Committee on Lesbian, Gay, Bisexual, and Transgender History 6
Session Abstract
In recent years, the historiography of sodomy and “homosexuality” in the sixteenth, seventeenth, and eighteenth centuries has grown considerably. Historians, however, in their explorations of sodomy have tended to privilege same-sex sexual acts (with the primary focus being male-male intimacies), thus obscuring the multiplicity of desires in the past and the ambiguities of the very category of sodomy. Given the current state of sexuality studies in Latin American history, we can now ask: What is essentially missing from this growing body of historiographical literature on sodomy and sexuality in colonial Latin America? Specifically, what desires and corporeal acts fell within the theological category of the “unnatural” (contra natura) but outside the strict confines of “perfect sodomy”? These questions serve as starting points for our panel, as we explore the category of the “unnatural” as it was used by Spanish ecclesiastical and secular authorities in a variety of colonial contexts. In studying the Spanish regulation of sexual practices deemed to be unnatural, we are confronted by terms that are the work of a long institutionalized chain of reasoning going back to the early Church Fathers like Saint Augustine and medieval theologians like Thomas Aquinas. As early as the fifth century, for example, Saint Augustine had deemed unnatural and sinful those sexual acts that did not take place in a “vessel fit for procreation.”

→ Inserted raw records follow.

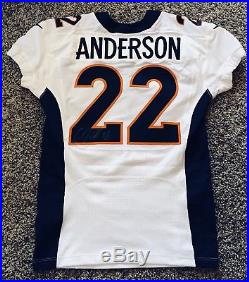 Denver Broncos CJ Anderson Nike Game Issued Jersey COA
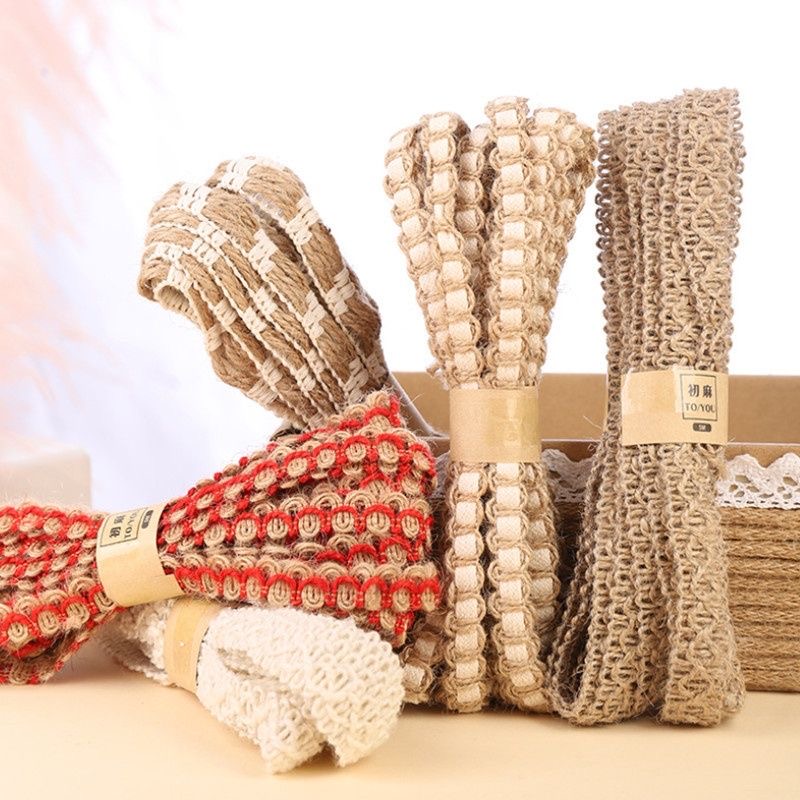 【三宝家】复古麻绳缠绕装饰花边 diy手工 装扮用品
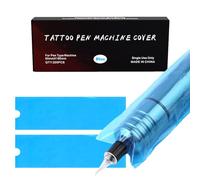 Sacchetti per Penne per Tatuaggi - PEPAX 200 Pezzi 6.5cm*18cm Blu Manicotti per Macchinette per Penne per Tatuaggi per Forniture per Tatuaggi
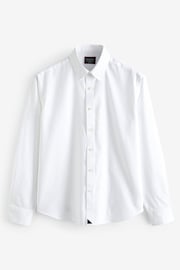 UNTUCKit White Dark Wrinkle-Free Relaxed Fit Las Cases Shirt - Image 4 of 4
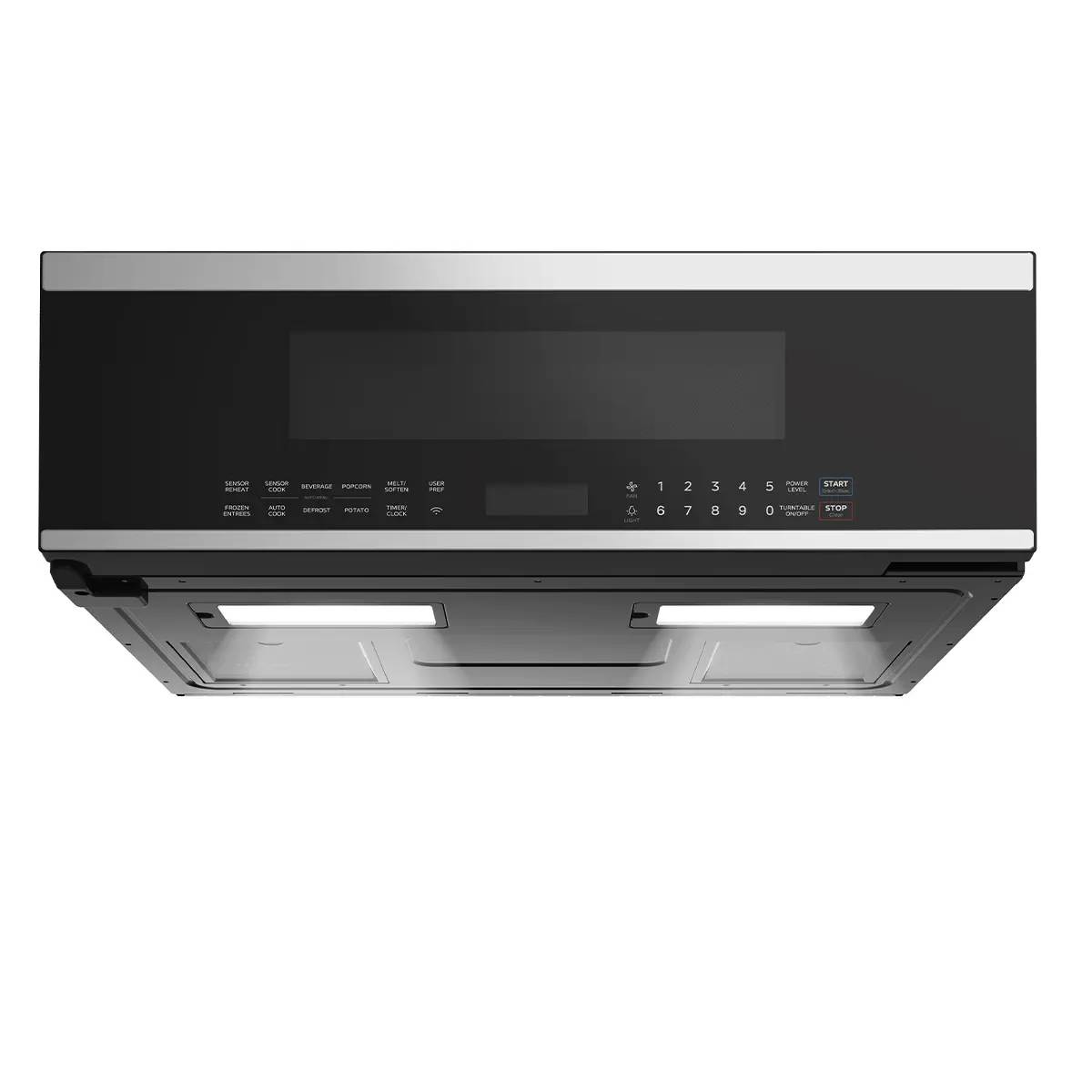 30" Midea 1.2 Cu. Ft. Slim Over-the-Range Microwave - MMO12S14ASTC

The four papers that make up this panel look at a variety of non-procreative corporeal acts—sodomy, bestiality, autoeroticism, sex with the Devil, incest, sexual violence against children, and suicide—in Spanish America, through which we can elucidate some of the intersections between individual, institutional, and communal desires. Specifically, Chad Black explores two eighteenth-century cases of sodomy (one involving two women and the other involving a group of men) from Quito, Ecuador. Jacqueline Holler looks at colonial Mexican representations of the Devil as a (same-sex) lover in cases tried by the Holy Office of the Mexican Inquisition. Robinson Herrera examines the ways in which sexual crimes against children in colonial Guatemala were rendered “unnatural” in popular discourse (as opposed to theological and judicial discourse). Finally, Nicole Von Germeten discusses the microhistorical case of an eighteenth-century Mercedarian friar in Cartagena, Columbia, whose suicide was tied to the circulation of rumors about his solicitations of males and females in the confessional. The panel addresses the fact that the extant literature on sexuality in colonial Latin America does not yet reflect the variety of human desires in the past. While the papers in this panel deal with colonial Spanish America, they have broader implications in terms of historical method and theory relating to the interactions of colonialism, gender, religion, and sexuality.